The weather there is picking up now so hopefully your horse will start to improve - I would get a fecal sample done to see what sort of a worm burden he has as that could be your problem
As for the friends pony - that is not your problem unless she asks for advice its best to leave her too get on with it.


----------



## DancingArabian (Jul 15, 2011)

You could stop commenting on how fat you think her horse is, stop offering unsolicited advice about how she should feed him and stop asking loaded questions. It sounds like she doesn't appreciate the fat horse comments anymore than you appreciate the skinny horse comments.
_Posted via Mobile Device_


----------



## IndiesaurusRex (Feb 23, 2011)

I have to agree with Dancing Arabian - as much as you are aware of your horses weight, and don't like her commenting on it, she probably is aware of her horses weight, and doesn't like you commenting on it.
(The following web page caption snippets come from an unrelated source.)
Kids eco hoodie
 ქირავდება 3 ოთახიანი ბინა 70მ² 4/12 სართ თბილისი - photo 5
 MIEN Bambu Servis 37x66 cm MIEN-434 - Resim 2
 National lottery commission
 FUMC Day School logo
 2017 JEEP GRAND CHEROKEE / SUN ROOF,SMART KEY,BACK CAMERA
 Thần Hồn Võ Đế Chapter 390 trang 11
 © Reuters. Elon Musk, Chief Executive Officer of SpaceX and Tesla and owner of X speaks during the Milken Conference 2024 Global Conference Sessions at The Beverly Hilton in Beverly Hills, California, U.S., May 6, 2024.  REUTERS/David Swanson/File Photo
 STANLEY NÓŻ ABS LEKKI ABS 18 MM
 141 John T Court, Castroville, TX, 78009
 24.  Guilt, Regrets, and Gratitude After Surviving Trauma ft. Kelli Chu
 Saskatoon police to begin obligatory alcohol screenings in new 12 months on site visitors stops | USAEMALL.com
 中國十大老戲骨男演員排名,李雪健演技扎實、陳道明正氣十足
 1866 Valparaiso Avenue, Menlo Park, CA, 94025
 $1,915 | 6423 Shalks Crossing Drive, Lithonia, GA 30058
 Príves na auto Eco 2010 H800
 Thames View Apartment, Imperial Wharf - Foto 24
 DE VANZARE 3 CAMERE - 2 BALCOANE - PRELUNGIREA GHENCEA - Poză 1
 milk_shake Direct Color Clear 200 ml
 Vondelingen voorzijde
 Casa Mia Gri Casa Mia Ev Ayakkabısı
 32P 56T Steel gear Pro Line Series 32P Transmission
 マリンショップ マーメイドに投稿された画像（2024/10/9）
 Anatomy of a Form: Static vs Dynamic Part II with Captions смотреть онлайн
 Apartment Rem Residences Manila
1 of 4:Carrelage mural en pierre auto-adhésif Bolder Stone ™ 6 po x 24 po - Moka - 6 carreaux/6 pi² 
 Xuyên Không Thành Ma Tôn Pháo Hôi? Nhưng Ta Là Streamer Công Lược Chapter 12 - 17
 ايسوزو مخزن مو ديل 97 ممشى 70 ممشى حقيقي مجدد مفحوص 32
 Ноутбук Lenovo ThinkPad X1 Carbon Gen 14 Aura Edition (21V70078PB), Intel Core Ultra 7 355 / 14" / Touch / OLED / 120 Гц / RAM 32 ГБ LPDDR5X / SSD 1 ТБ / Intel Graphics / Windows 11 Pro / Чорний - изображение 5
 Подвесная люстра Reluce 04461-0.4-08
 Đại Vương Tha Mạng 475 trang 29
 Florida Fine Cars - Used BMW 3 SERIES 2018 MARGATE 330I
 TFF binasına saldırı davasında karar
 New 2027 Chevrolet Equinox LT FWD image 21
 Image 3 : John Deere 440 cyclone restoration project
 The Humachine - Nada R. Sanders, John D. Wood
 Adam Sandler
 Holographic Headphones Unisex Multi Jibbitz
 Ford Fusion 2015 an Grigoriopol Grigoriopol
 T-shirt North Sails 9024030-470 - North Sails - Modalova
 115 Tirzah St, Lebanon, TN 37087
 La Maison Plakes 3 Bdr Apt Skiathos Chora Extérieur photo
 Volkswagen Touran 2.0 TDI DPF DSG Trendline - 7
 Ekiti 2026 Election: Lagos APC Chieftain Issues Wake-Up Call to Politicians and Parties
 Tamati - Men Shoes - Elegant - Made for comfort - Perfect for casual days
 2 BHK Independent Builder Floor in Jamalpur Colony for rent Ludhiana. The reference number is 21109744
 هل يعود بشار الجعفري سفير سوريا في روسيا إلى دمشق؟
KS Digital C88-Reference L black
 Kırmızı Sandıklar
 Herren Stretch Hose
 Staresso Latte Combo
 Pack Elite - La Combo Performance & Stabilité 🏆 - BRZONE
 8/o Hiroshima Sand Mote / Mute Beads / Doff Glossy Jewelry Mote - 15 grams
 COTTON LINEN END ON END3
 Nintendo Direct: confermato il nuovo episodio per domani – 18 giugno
If the horse is underweight, stop riding him. By exercising him you are using valuable calories that he could be utilising by turning them into fat. If it were my horse? I'd be chucking a warm rug on it, giving it ad lib, good quality haylage, and a small bucket feed three times a day.


----------



## usandpets (Jan 1, 2011)

Friends should be honest to each other but friends can be mean when joking around. 

However, I think you and "your friend" are going over the top. Not what I would expect from a true friend. 

Stop making comments about their horse unless it is a compliment. Ignore any rude comments from them. There is a saying that fits well and I think has been forgotten by many of the younger generation: If you don't have something nice to say, don't say anything.
_Posted via Mobile Device_


----------



## Shoebox (Apr 18, 2012)

You can't expect her to stop commenting about your horse being skinny when you won't stop talking about how her horse is fat. She probably dislikes that as much as you dislike her comments. It's not really appropriate for either of you to make such comments, and I'm surprised that it's an issue between friends.

Talk to each other. You're supposed to be friends, so have a talk about how this is hurtful and could she please stop, and that you didn't think that maybe you were being hurtful too.


----------



## Saddlebag (Jan 17, 2011)

I'd have to see your pony to decide. Tell her obese horses have fat around their organs which makes the lungs and heart work harder-same as for overweight people.


----------



## horselovinguy (Oct 1, 2013)

I think you may need to understand the actual way a horse is "scored" to help determine whether your horse is thin, your friends horse is fat or someplace in between.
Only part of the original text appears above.